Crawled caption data

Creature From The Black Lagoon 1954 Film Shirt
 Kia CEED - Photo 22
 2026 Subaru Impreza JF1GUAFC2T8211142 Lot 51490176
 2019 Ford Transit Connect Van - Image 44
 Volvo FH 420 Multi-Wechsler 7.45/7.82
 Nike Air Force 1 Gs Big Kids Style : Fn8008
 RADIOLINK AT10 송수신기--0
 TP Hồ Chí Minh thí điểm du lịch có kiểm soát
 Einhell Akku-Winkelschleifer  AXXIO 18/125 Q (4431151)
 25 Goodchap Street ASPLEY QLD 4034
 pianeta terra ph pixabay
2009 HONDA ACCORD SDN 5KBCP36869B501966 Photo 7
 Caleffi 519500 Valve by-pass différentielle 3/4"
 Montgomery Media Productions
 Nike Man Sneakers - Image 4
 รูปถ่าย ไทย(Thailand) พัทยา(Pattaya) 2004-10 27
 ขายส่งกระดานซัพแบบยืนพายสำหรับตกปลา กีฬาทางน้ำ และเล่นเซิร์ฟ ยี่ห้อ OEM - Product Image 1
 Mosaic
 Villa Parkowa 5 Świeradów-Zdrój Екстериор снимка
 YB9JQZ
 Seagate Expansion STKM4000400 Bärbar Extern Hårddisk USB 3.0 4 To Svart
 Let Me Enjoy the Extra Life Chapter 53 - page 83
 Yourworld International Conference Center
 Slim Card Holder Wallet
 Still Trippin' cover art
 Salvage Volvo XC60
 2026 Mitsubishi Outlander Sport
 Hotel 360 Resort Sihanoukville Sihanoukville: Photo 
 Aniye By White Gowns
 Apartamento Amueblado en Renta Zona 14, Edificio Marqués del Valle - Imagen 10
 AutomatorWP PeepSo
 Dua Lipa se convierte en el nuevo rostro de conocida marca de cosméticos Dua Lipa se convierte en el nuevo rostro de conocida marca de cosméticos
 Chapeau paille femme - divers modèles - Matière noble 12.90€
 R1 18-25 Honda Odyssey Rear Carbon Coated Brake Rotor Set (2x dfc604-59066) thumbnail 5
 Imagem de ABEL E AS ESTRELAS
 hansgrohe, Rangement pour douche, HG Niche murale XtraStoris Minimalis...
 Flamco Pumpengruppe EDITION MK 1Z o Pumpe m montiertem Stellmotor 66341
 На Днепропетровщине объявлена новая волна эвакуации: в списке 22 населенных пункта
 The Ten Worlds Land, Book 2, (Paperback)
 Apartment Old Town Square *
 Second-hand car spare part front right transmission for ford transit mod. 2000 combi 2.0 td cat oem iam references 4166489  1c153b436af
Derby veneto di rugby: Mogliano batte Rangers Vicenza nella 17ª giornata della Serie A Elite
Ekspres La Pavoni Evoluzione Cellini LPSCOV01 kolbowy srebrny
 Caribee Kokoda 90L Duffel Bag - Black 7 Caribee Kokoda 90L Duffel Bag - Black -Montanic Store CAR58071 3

[PROBLEM DESCRIPTION]: Write out the records in full, word for word.

[ANSWER BOX]:
Creature From The Black Lagoon 1954 Film Shirt
 Kia CEED - Photo 22
 2026 Subaru Impreza JF1GUAFC2T8211142 Lot 51490176
 2019 Ford Transit Connect Van - Image 44
 Volvo FH 420 Multi-Wechsler 7.45/7.82
 Nike Air Force 1 Gs Big Kids Style : Fn8008
 RADIOLINK AT10 송수신기--0
 TP Hồ Chí Minh thí điểm du lịch có kiểm soát
 Einhell Akku-Winkelschleifer  AXXIO 18/125 Q (4431151)
 25 Goodchap Street ASPLEY QLD 4034
 pianeta terra ph pixabay
2009 HONDA ACCORD SDN 5KBCP36869B501966 Photo 7
 Caleffi 519500 Valve by-pass différentielle 3/4"
 Montgomery Media Productions
 Nike Man Sneakers - Image 4
 รูปถ่าย ไทย(Thailand) พัทยา(Pattaya) 2004-10 27
 ขายส่งกระดานซัพแบบยืนพายสำหรับตกปลา กีฬาทางน้ำ และเล่นเซิร์ฟ ยี่ห้อ OEM - Product Image 1
 Mosaic
 Villa Parkowa 5 Świeradów-Zdrój Екстериор снимка
 YB9JQZ
 Seagate Expansion STKM4000400 Bärbar Extern Hårddisk USB 3.0 4 To Svart
 Let Me Enjoy the Extra Life Chapter 53 - page 83
 Yourworld International Conference Center
 Slim Card Holder Wallet
 Still Trippin' cover art
 Salvage Volvo XC60
 2026 Mitsubishi Outlander Sport
 Hotel 360 Resort Sihanoukville Sihanoukville: Photo 
 Aniye By White Gowns
 Apartamento Amueblado en Renta Zona 14, Edificio Marqués del Valle - Imagen 10
 AutomatorWP PeepSo
 Dua Lipa se convierte en el nuevo rostro de conocida marca de cosméticos Dua Lipa se convierte en el nuevo rostro de conocida marca de cosméticos
 Chapeau paille femme - divers modèles - Matière noble 12.90€
 R1 18-25 Honda Odyssey Rear Carbon Coated Brake Rotor Set (2x dfc604-59066) thumbnail 5
 Imagem de ABEL E AS ESTRELAS
 hansgrohe, Rangement pour douche, HG Niche murale XtraStoris Minimalis...
 Flamco Pumpengruppe EDITION MK 1Z o Pumpe m montiertem Stellmotor 66341
 На Днепропетровщине объявлена новая волна эвакуации: в списке 22 населенных пункта
 The Ten Worlds Land, Book 2, (Paperback)
 Apartment Old Town Square *
 Second-hand car spare part front right transmission for ford transit mod. 2000 combi 2.0 td cat oem iam references 4166489  1c153b436af
Derby veneto di rugby: Mogliano batte Rangers Vicenza nella 17ª giornata della Serie A Elite
Ekspres La Pavoni Evoluzione Cellini LPSCOV01 kolbowy srebrny
 Caribee Kokoda 90L Duffel Bag - Black 7 Caribee Kokoda 90L Duffel Bag - Black -Montanic Store CAR58071 3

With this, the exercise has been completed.